Il calcio, la malattia e l’incontro con Mihajlovic che gli ha cambiato la vita

Un tifoso del Bologna giunto a Roma per l’ultimo saluto a Sinisa, ricorda come l’allenatore abbia saputo infondergli speranza e coraggio nello stesso percorso per combattere la malattia. 

Sinisa Mihajlovic non ha lasciato un grande vuoto solo nel cuore dei suoi tifosi, nella sua lotta alla malattia ha saputo infondere coraggio anche a chi come lui condivideva lo stesso difficile percorso di cura. Lo ha raccontato Matteo Elmi dopo essere arrivato a Roma da Bologna per l’ultimo saluto all’ex-giocatore e allenatore serbo per il suo funerale.

Il giorno più importante del mio percorso è stato quando ho incontrato Sinisa. Lui era arrivato al Sant’Orsola da due mesi, io mi stavo curando da otto. Quei minuti passati insieme sono stati per me una svolta – spiega -. Io un linfoma, lui una leucemia particolare. Ora per fortuna sto bene, sono guarito.

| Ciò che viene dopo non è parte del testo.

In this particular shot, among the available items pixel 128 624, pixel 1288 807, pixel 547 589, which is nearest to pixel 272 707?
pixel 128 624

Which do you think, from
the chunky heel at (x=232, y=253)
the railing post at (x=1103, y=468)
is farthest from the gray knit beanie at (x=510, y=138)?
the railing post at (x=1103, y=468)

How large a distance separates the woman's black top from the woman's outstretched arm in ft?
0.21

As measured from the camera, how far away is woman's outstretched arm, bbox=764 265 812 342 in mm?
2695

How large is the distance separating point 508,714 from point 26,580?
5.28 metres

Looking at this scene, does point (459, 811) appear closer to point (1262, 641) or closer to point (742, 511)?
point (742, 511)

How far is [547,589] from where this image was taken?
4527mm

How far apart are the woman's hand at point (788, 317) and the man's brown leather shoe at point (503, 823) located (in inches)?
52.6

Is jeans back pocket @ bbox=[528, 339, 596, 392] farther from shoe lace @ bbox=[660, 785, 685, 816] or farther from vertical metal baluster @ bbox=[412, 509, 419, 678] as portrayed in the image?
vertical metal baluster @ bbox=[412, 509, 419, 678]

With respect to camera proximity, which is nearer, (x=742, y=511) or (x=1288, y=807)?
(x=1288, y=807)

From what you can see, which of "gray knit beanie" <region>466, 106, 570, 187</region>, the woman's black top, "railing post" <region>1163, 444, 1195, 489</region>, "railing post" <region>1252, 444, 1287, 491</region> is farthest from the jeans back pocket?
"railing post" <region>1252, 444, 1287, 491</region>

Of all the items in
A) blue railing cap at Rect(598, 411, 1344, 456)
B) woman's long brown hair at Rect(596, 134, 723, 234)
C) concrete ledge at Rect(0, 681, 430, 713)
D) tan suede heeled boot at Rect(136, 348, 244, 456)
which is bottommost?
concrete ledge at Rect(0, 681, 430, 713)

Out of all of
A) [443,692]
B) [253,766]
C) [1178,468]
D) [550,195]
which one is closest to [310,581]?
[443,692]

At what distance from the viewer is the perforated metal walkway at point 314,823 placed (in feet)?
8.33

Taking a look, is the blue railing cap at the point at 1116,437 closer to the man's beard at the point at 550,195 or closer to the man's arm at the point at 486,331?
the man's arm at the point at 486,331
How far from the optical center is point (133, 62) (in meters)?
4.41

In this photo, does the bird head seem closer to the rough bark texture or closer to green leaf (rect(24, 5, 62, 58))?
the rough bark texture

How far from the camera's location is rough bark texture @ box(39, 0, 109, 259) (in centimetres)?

So quanto sia dura affrontare questa battaglia”. A 22 anni, dopo avere superato la malattia ora vive a Milano dove lavora come ingegnere.

Tifo Bologna, vado al Dall’Ara e in trasferta, il 4 gennaio sarò di nuovo qua per Roma-Bologna. Oggi, invece, sono qui per Sinisa” afferma mentre tiene in mano una maglia del Bologna, quella dell’ex-capitano Rodrigo Palacio. Dice che gliel’ha regalata Mihajlovic con tanto di autografo dei giocatori rossoblu. “La tengo sempre con me, in camera, quando viaggio. Me la fece recapitare dentro una grande busta. ‘Per Matteo’. Lui non poteva darmela a mano, era ‘chiuso’ in camera”.

Matteo era ricoverato con Mihajlovic nel reparto di ematologia del Sant’Orsola. “Io ho fatto un mese di ricovero e poi avanti e indietro, casa-ospedale: un’esperienza assurda. Lui è arrivato dopo. La prima cosa che ho pensato: uno forte come lui, come è possibile? Conoscevo l’iter a cui si sarebbe dovuto sottoporre, quello che c’era da passare, e mi è dispiaciuto tantissimo. Allo stesso tempo l’ho visto subito come un punto di riferimento, ‘lotteremo insieme’, mi diede forza e ancor più dopo“.

“Io ero devastato, avevo appena ricevuto una brutta notizia. Le mie cure non erano finite, dovevo continuare. La mia dottoressa, che ringrazierò sempre, conosceva la mia passione per il Bologna e così, per tirarmi su, il giorno dopo mi ha portato da lui continua Matteo -. Siamo stati insieme 10 minuti, una svolta per me: mi disse di non mollare, poi mi ha mezzo abbracciato, una forte pacca sulla spalla, io non riuscivo a parlare, emozionato: quando sono tornato a casa ero l’uomo più felice del mondo“.

Mi parlava con grande naturalezza, al tempo stesso era molto deciso. Per quello riusciva a trasmettere forza e determinazione. E lo faceva mentre era dentro alla sua battaglia. Quando parlava, parlava a tutti. Mi ha aiutato tanto, fin dalla prima estate. Dovevamo rivederci, non c’è stata occasione. Gli dovrò sempre qualcosa“.